In a small conference room in a Panama City convention center, President Barack Obama and Cuban President Raul Castro sat side by side in a bid to inject fresh momentum into their months-old effort to restore diplomatic ties. Obama said he wanted to “turn the page” on old divisions, although he acknowledged that significant differences between the governments would remain.
“This is obviously a historic meeting,” Obama said shortly after the two sat down. “It was my belief it was time to try something new, that it was important for us to engage more directly with the Cuban government.”
“And more importantly, with Cuban people,” the president added.
Castro told the U.S. president he was ready to discuss sensitive issues including human rights and freedom of the press, maintaining that “everything can be on the table.” But he also cautioned that the two countries also have “agreed to disagree.”
“We are willing to make progress in the way the president has described,” Castro said.
The remarkable gathering played out on the sidelines of the Summit of the Americas, which this year included Cuba for the first time. Although the meeting wasn’t publicly announced in advance, White House aides had suggested the two leaders were looking for an opportunity to meet while in Panama and to discuss the ongoing efforts to open embassies in Havana and Washington, among other issues.
In brief remarks to reporters at the start of the meeting, Obama acknowledged that Cuba, too, would continue raising concerns about U.S. policies.
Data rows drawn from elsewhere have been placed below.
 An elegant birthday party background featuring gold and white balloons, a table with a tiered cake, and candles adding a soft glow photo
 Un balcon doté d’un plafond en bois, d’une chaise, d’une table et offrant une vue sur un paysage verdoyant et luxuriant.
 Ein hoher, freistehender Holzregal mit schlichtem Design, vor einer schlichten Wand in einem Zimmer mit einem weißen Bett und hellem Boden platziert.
Earlier in the day, Castro launched into an exhaustive history of perceived Cuban grievances against the U.S. in his speech to fellow leaders attending the summit.
Castro, for his part, said he agreed with everything Obama had said — a stunning statement in and of itself for the Cuban leader.
“We are disposed to talk about everything — with patience,” Castro said in Spanish. “Some things we will agree with, and others we won’t.”
And nothing is static, he added, noting that disagreements today could turn into areas of agreement tomorrow.